Sweat. It’s uncomfortable. It’s sticky. Don’t wipe it away. Sit with it. It has a story to tell.
A story so compelling, that it won a Pulitzer. Sweat takes place in Reading, Pennsylvania, the heart of America’s rust belt. The town’s economy relies on Olstead’s Factory, which is now moving operations to Mexico, cutting wages for remaining employees, and effectively forcing Union workers out. Sweat brings entitlement, racism, classicism, and socio-economic divide to the forefront. The dialogue is heated, the emotions raw, the characters flawed and suffering.

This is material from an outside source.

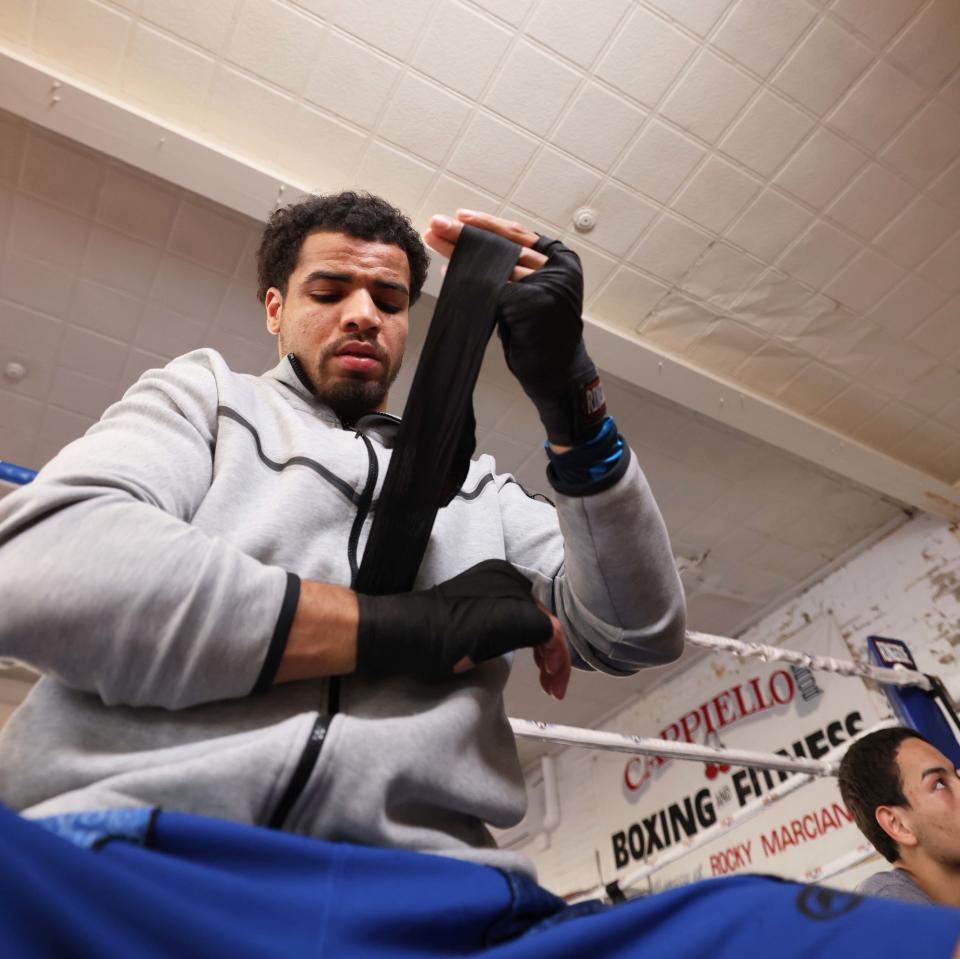 Will Longwe puts on his hand wraps at Cappiello Boxing Gym in Brockton on Thursday, May 2, 2024.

At first, I was off-put by the excessive language, and the seemingly bawdry behavior that takes place over a few too many beers. It’s all too easy to separate oneself from “these types of people”, to feel superior to imbibing factory workers whose only apparent goal is to work the line until they can retire.
And that is what makes Sweat an important performance to experience. Judgment only creates separation where none belongs; judgment only creates suffering where there needn’t be any. There is no “us” vs. “them.” And yet, here we are.
Sweat allowed me to see my own biases, to sit with them uncomfortably, the feel the heat of shame. Sweat also allowed me to see the redemption that comes with the willingness to open our hearts and minds, to reach across the divide, to recognize that we are, at our core, the same.
Sweat leaves its audience with relevant, timely, and needed food-for-thought, and hopefully the inspiration to continue to important dialogue and work off-stage, into our communities. I encourage every adult (perhaps ages 12 and up) to see the show, and to talk about it afterwards.
Sweat is playing at the Guthrie from July 27-August 21, 2022. Tickets prices range from $15-80.